Clarifying Proof that Span(v$_1, $v$_2,...,$v$_n$) is a Subspace of $V$ 
Theorem: If v$_1, $v$_2,...,$v$_n$ are elements of a vector space $V$ then Span(v$_1, $v$_2,...,$v$_n$) is a
  subspace of $V$.

I understand the proof of the closure properties under addition and scalar multiplication, but what I am confused about is why Span(v$_1, $v$_2,...,$v$_n$) is a subset to begin with. 
A subset will contain elements of $V$ and the theorem states that v$_1, $v$_2,...,$v$_n$ are elements of a vector space $V$. So then why is Span(v$_1, $v$_2,...,$v$_n$) a subset when it doesn't contain elements of $V$, since it is the set of all linear combinations of v$_1, $v$_2,...,$v$_n$?

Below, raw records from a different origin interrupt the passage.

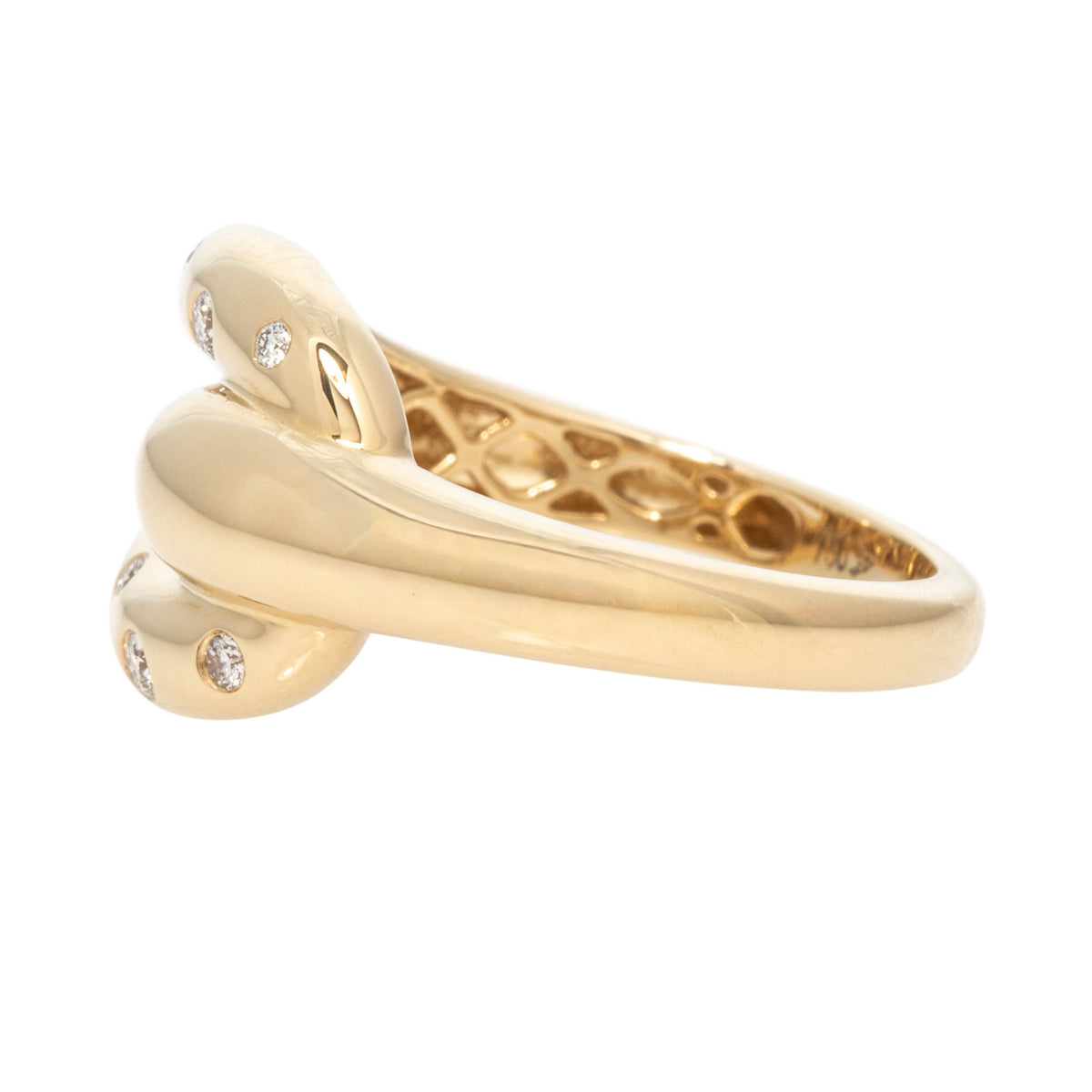 Side view of the diamond 18K yellow gold pouf buckle ring showing its rounded profile and tapered band.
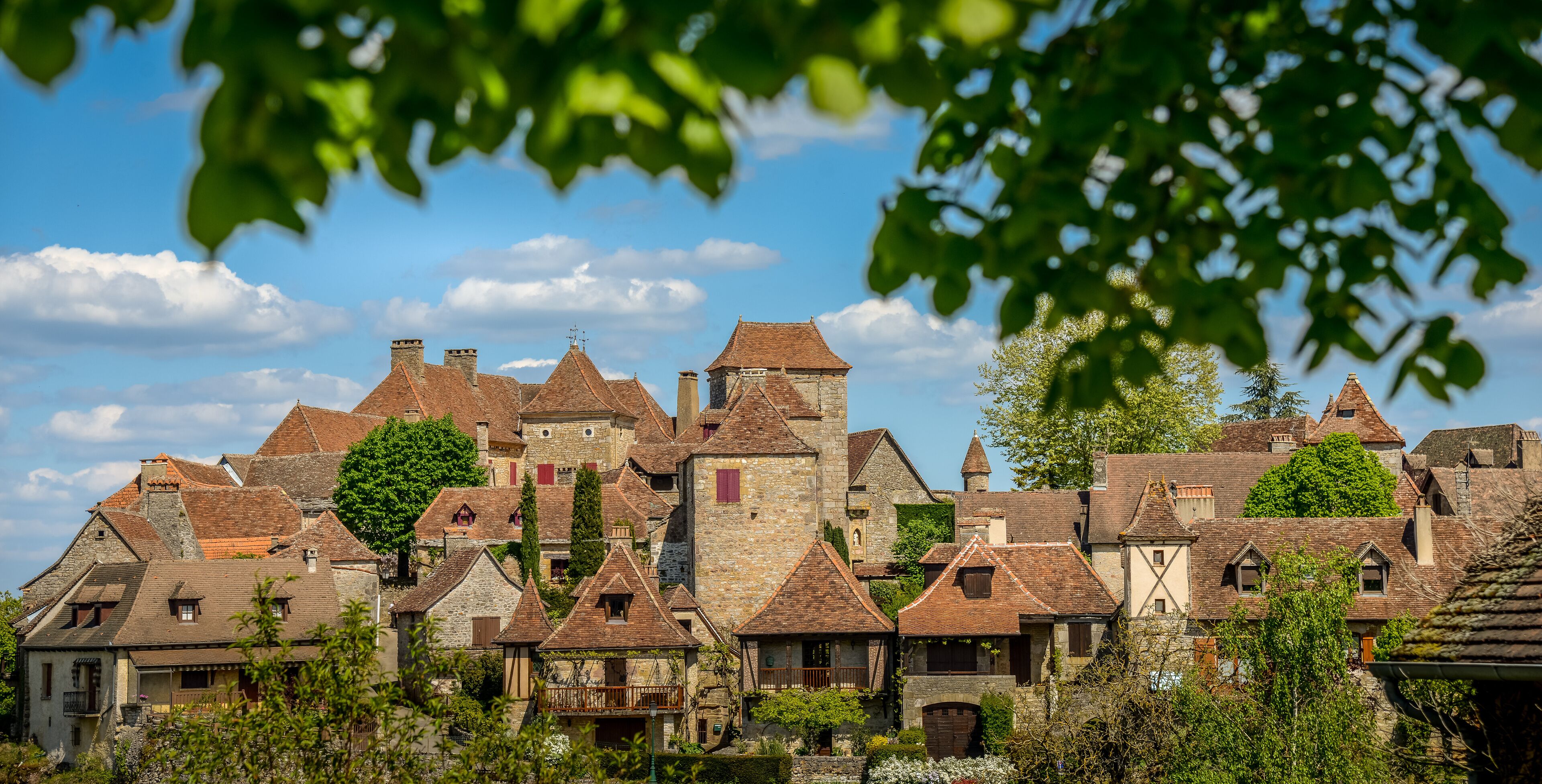 A historic village with stone buildings, red-tiled roofs, and a prominent tower.
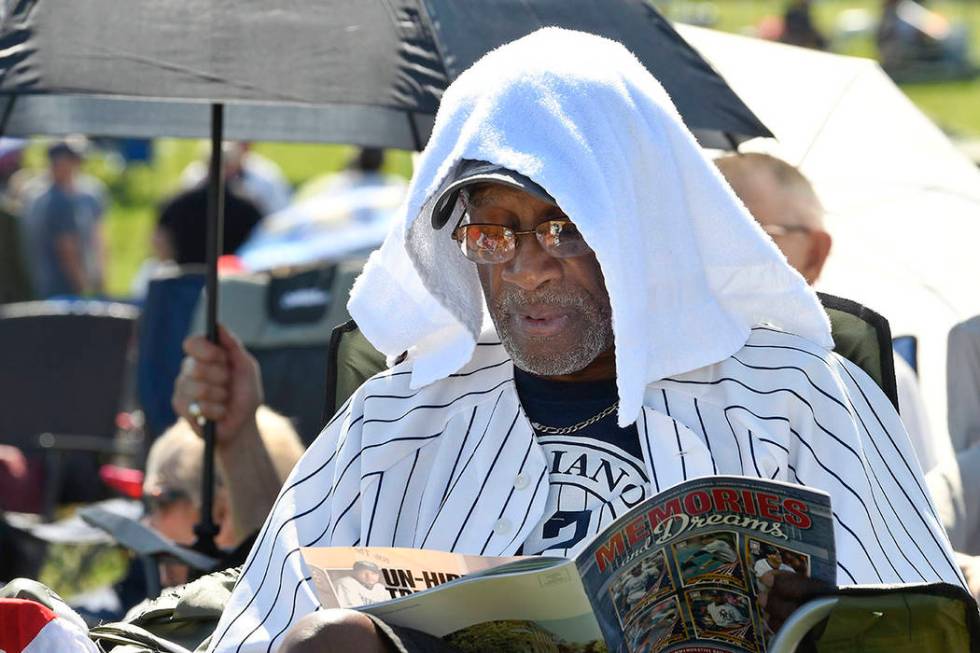 Mariano Rivera fan Eugenino Edwards, of New York uses a towel to keep cool before the National ...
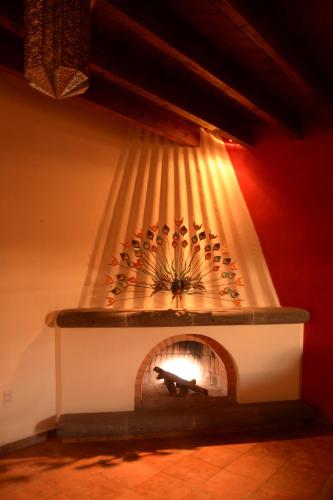 a brick fireplace with a light coming out of it at Hotel Chocolate Suites in Guanajuato
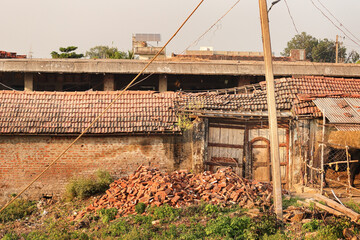 farm labor house in village area of gujarat india. with brick roof wooden pillars. small...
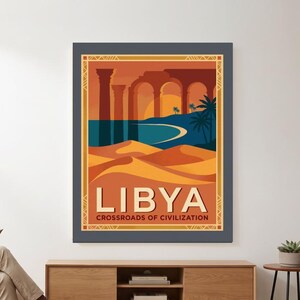 May include: A rectangular wall poster featuring a stylized illustration of Libya with orange sand dunes, a blue coastline, palm trees, and ancient stone arches. The text LIBYA and CROSSROADS OF CIVILIZATION is printed in white at the bottom.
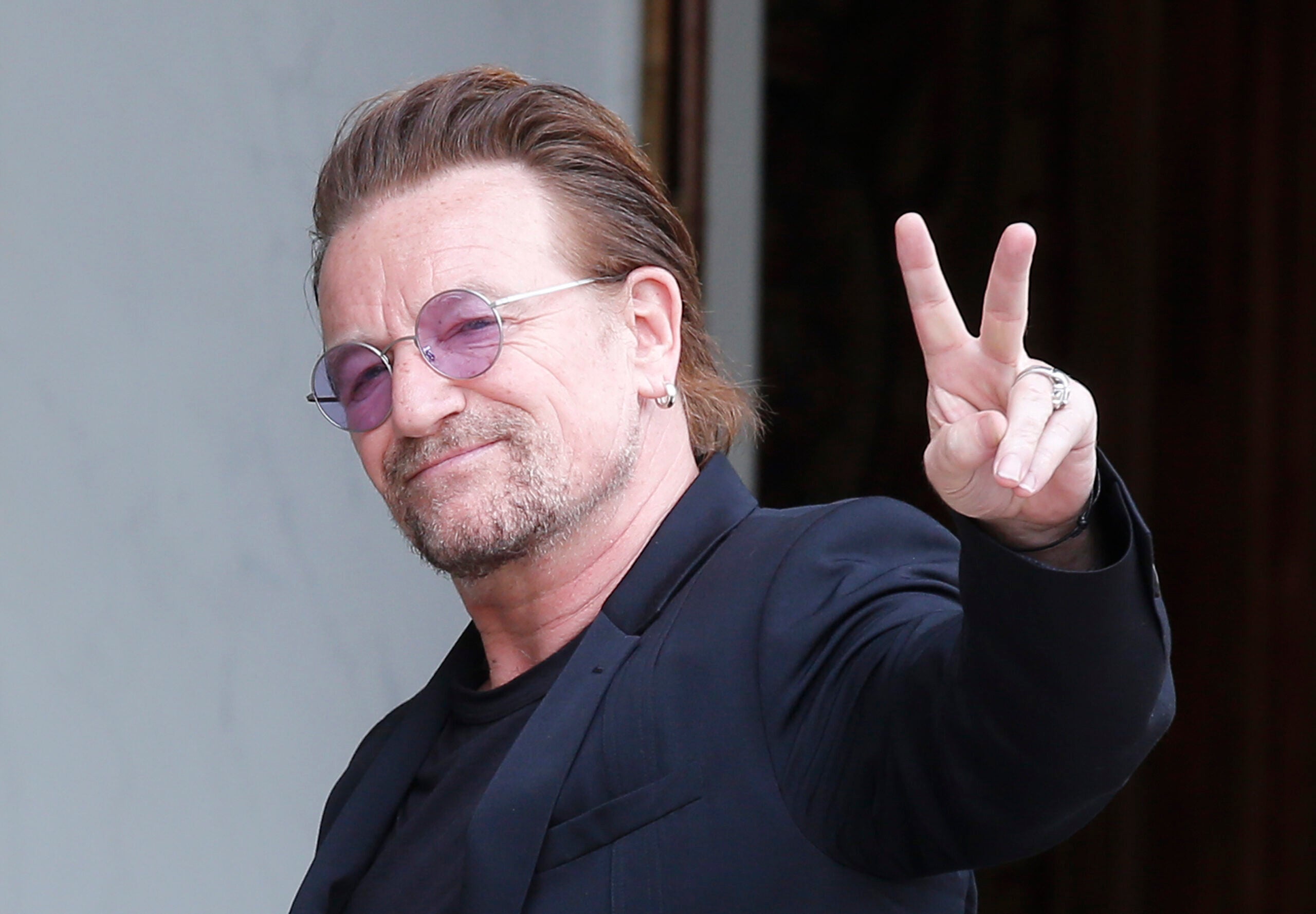 U2 singer Bono makes a peace sign as he arrives for a meeting in Paris.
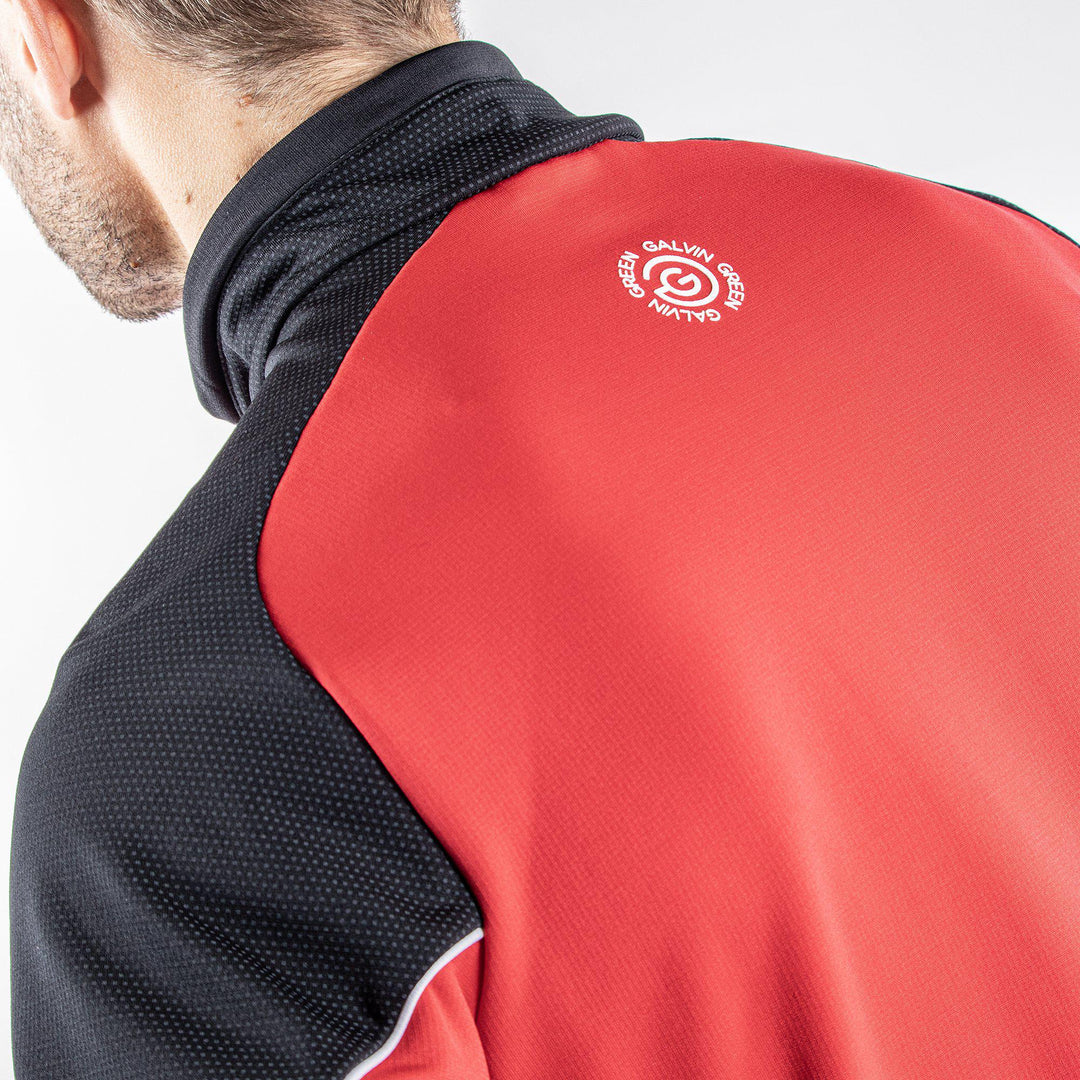 Daxton is a Insulating golf mid layer for Men in the color Red(7)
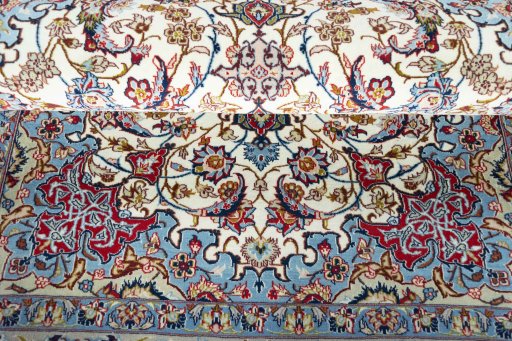 Surface texture of 2000s Isfahan rug with natural Cork and intricate pattern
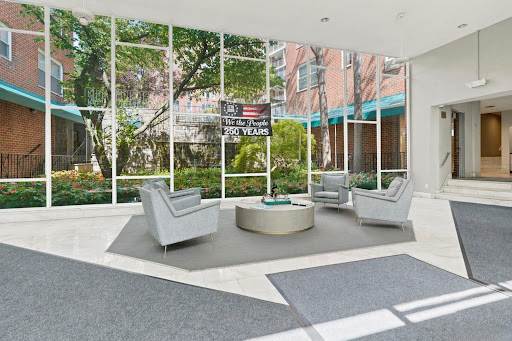 Modern living room with armchairs and coffee table in this luxury apartment / penthouse for sale in Scarsdale ($470,000)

 A: $V$, being a vector space, is closed under scalar multiplication and addition. Thus any linear combination of elements of $\{v_1, ... , v_n\}$ is in $V$, so Span($\{v_1, ... , v_n\}$) is a subset of $V$.
A: First keep in mind (as you have said) that $v_1,v_2,\ldots,v_n$ are in $V$.
Since $V$ is a vector space it is closed under scalar multiplication, so all possible elements $\alpha_1v_1,\alpha_2v_2,\ldots,\alpha_nv_n$ are in $V$.
Since $V$ is a vector space it is also closed under addition.  So all possible elements $\alpha_1v_1+\alpha_2v_2+\cdots+\alpha_nv_n$ (that is, linear combinations) are in $V$.
But such expressions are exactly the elements of ${\rm span}\{v_1,v_2,\ldots,v_n\}$.  So all elements of ${\rm span}\{v_1,v_2,\ldots,v_n\}$ are in $V$.
A: It sounds like you are confusing the language "v$_1, $v$_2,...,$v$_n$ are elements of a vector space $V$" with the language "v$_1, $v$_2,...,$v$_n$ are all of the elements of a vector space $V$".  The two statements are different.  The former only means that v$_1, $v$_2,...,$v$_n$ are among the elements of a vector space $V$, but there could be others (and there are -- the linear combinations of v$_1, $v$_2,...,$v$_n$, and even more if these vectors don't span $V$).